Wednesday, March 20, 2013

A clover lawn

I think it is time for my ecologically barren lawn to change.

From the days when I considered clover to be a weed in the lawn, I know that the bees simply love it; and I think if you don't walk barefooted on the lawn, the chances of getting a bee sting are low.

This website promotes clover in the lawn.  Books tell us that until the chemical companies started selling herbicides, clover was considered an essential part of the lawn.

The NY Times had this in 1987:
A lawn of clover is unpopular nowadays; I had to visit several stores before I could find seed. A neighbor observed, after I sowed the seed, that it would attract bees. He was correct, of course. There have always been a few colonies of clover in my lawn, and the blossoms do hum with bees. But my family's 16 years in this house, no one has ever been stung by a bee, even though we sometimes go barefoot.
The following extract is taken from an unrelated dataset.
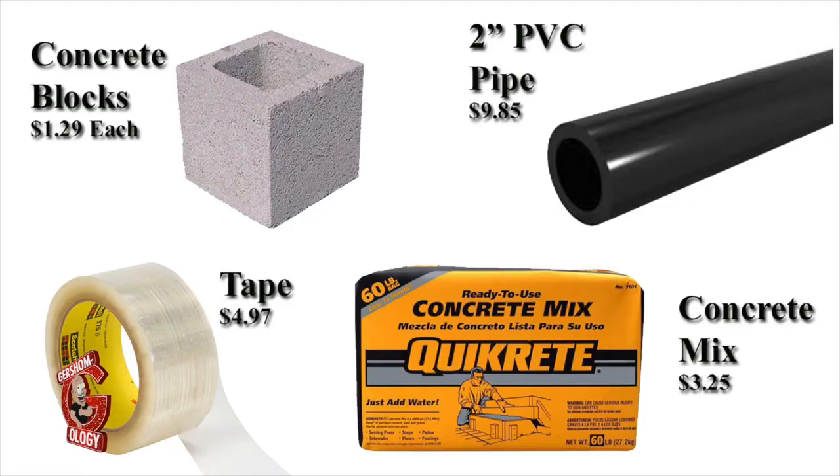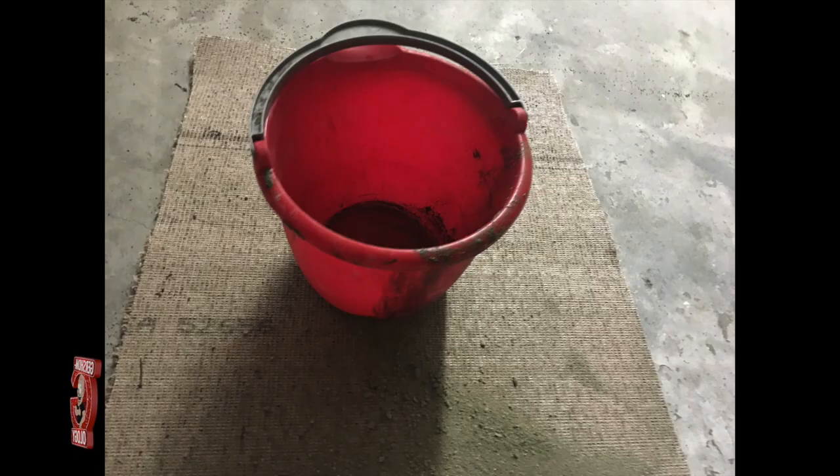Four items you need are two concrete blocks like the picture, some kind of tape — it doesn't need to be a specific type, just something to cover the PVC pipe ends — concrete mix, and a 10-foot piece of PVC pipe that's 2 inches in diameter, plus a bucket so you can mix the concrete.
My clover lawn is actually in the best tradition. When Andrew Jackson Downing, the renowned writer on agriculture and horticulture, told people in the late 1840's how to plant lawns, he specified a mixture of white clover and Rhode Island bentgrass.

''Sow four bushels of it to the acre,'' he urged, ''and not a pint less as you plan to walk on velvet!''

Downing had immense admiration for clover, and his reasons were excellent. Clover is not subject to the mildews and other blights that can affect the grasses of today. It stays green on a leaner ration of water than grass. Its dark-green leaves remain attractive in hot weather. Its flowers are pretty, starring the turf.

Its fragrance, especially when newly mown, is sweet. Children can look for four leaves among the usual three. Being a legume, it makes it own fertilizer, snatching nitrogen from the air. And because of my clover lawn, there will be more honey in some neighbors' hives.

I can think of only one reason why we all do not have lawns of clover. Certain herbicides used in this country in prodigious amounts since World War II will not kill fescue and other grasses, but they will kill dandelions and plantains - and white clover. But those of us who forgo this chemical warfare can have sweet clover lawns and all their delights.
I think a garden must have, to the extent feasible, birds, bees, butterflies along with the essential flowers, scents and foliage. If you can add to it that the luxury - flowing water, then the garden is complete.